December 31, 1996 and 1995
(1) Summary of Significant Accounting Policies and Other Information
(a) Nature and Development of Business
Golf-Technology Holding, Inc. (the Company), designs,
manufactures, and markets Snake Eyes /R/ golf clubs.
Snake Eyes /R/ are tour-quality golf clubs marketed to the
premium-priced segment of the golf equipment market.

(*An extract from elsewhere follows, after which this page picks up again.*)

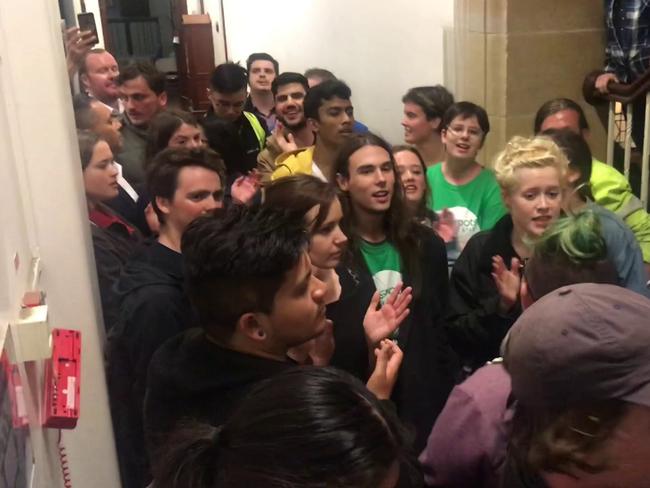 Protesters blocking the entrance to a talk by Bettina Arndt.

The predecessor to the Company's operating subsidiary
Golf-Tec Holding, Inc. (Golf-Tec) was formed as a Florida
corporation in June 1993 under the name Golf-Tec, Inc. to
manufacture and market a line of golf clubs to be
developed by its sole stockholder and director. Golf-Tec
was formed as a Florida corporation in May 1994 to become
the parent company of Golf-Tec Inc., which was merged into
Golf-Tec in October 1994.
During the first quarter of 1995, Golf-Tec was acquired by
THO2 and Rare Metals Exploration, Inc., an Idaho
corporation incorporated in June 1963 (THO2), pursuant to
a voluntary share exchange effected between Golf-Tec's
stockholders and THO2 on a one-for-one share basis. THO2
changed its name to Golf-Technology Holding, Inc. in
connection with the share exchange. Subsequent to the
acquisition, the former shareholders of Golf-Tec have the
right to an ownership interest in 3,468,337 or 93%, of the
Company's outstanding shares of common stock immediately
following the exchange.
As of December 31, 1996, 2,343,334 or 68%, of Golf-Tec's
outstanding shares of common stock have been exchanged for
shares of the Company's outstanding common stock.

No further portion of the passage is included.